Ehrlichkeit. Sie ist so wichtig wie jeder andere Aktivposten. Denn ein Unternehmen, das ehrlich, offen und korrekt handelt, wird zwangsläufig erfolgreich sein. Genau deswegen unterstützen wir das Better Business Bureau. Machen Sie mit. Profitieren Sie gemeinsam mit uns.
    Kant würde das Better Business Bureau nicht verurteilen; es ist zu loben, wenn man ehrliches Geschäftsgebaren fördert. Es gibt jedoch einen wichtigen moralischen Unterschied zwischen Ehrlichkeit um ihrer selbst willen und Ehrlichkeit um der Bilanz willen. Ersteres ist eine auf Grundsätze gestützte Haltung, Letzteres lediglich vorsichtig. Kant meint, nur die auf Grundsätzen beruhende Haltung sei pflichtgemäß und verleihe einer Handlung sittlichen Wert.
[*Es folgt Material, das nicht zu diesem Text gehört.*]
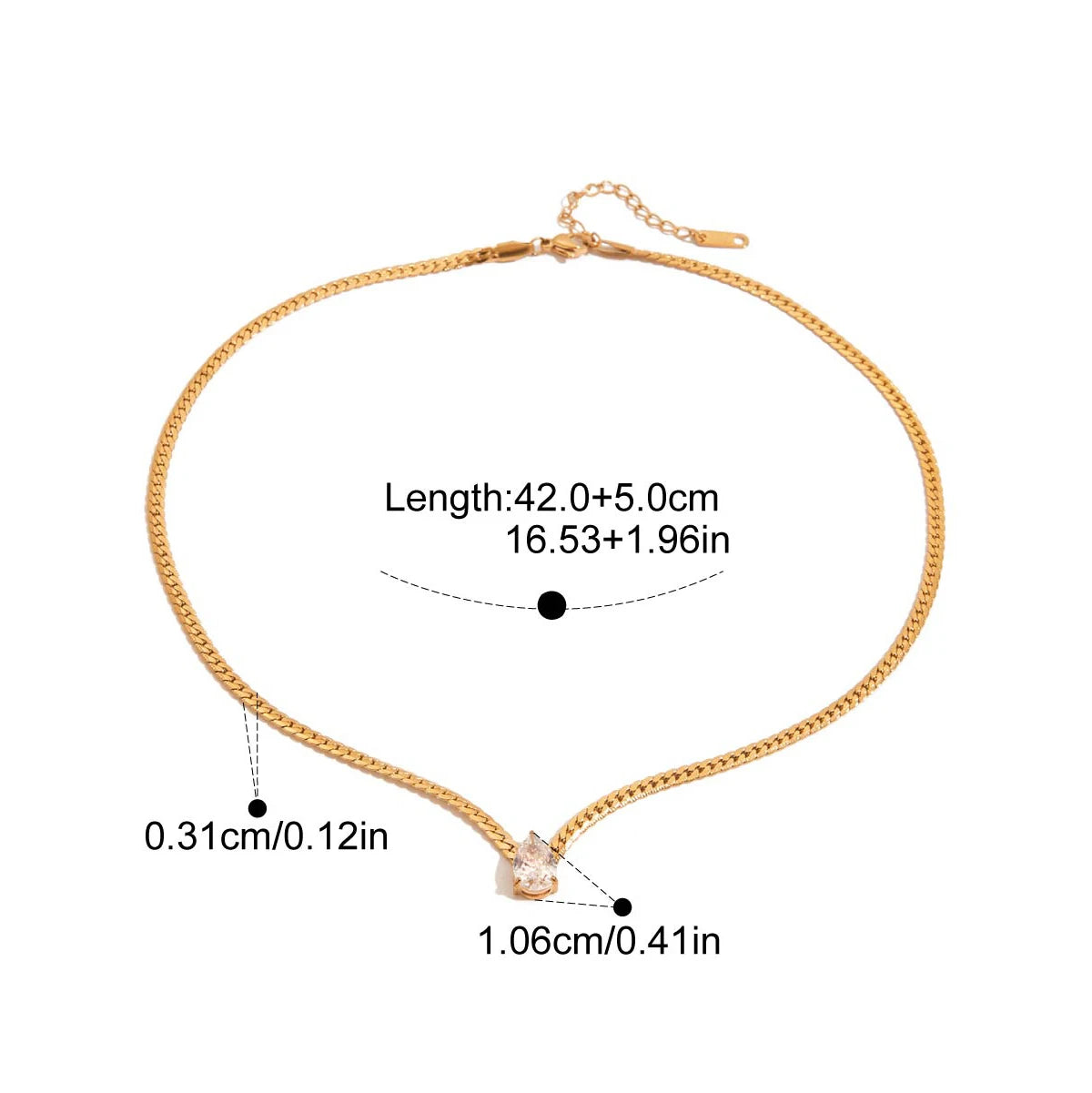 Yori New Arrival Handmade Summer Jewelry 18K PVD Plated Waterproof Statement Rectangular Pendant Necklace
    Oder sehen wir uns folgendes Beispiel an. Vor einigen Jahren versuchte die Universität Maryland, ein weitverbreitetes Problem anzugehen: das Schummeln während der Klausuren. Die Universitätsleitung forderte die Studenten auf, eine Selbstverpflichtung zu unterschreiben, während der Klausuren nicht zu mogeln. Als Anreiz überreichte man Studenten, die diese Verpflichtung akzeptierten, eine Rabattkarte, die in örtlichen Läden Preisnachlässe von 10 bis 25 Prozent bot. 8 Kein Mensch weiß, wie viele Studenten wegen eines Rabatts beim örtlichen Pizzabäcker versprachen, nicht zu mogeln. Die meisten von uns würden jedoch zustimmen, dass es der gekauften Ehrlichkeit an moralischem Wert fehlt. Egal, ob die Preisnachlässe die Fälle von Mogelei verringert haben oder nicht – die moralische Frage ist, ob Ehrlichkeit, die durch den Wunsch nach einem Preisnachlass oder einer finanziellen Belohnung motiviert ist, sittlichen Wert besitzt. Kant würde das verneinen.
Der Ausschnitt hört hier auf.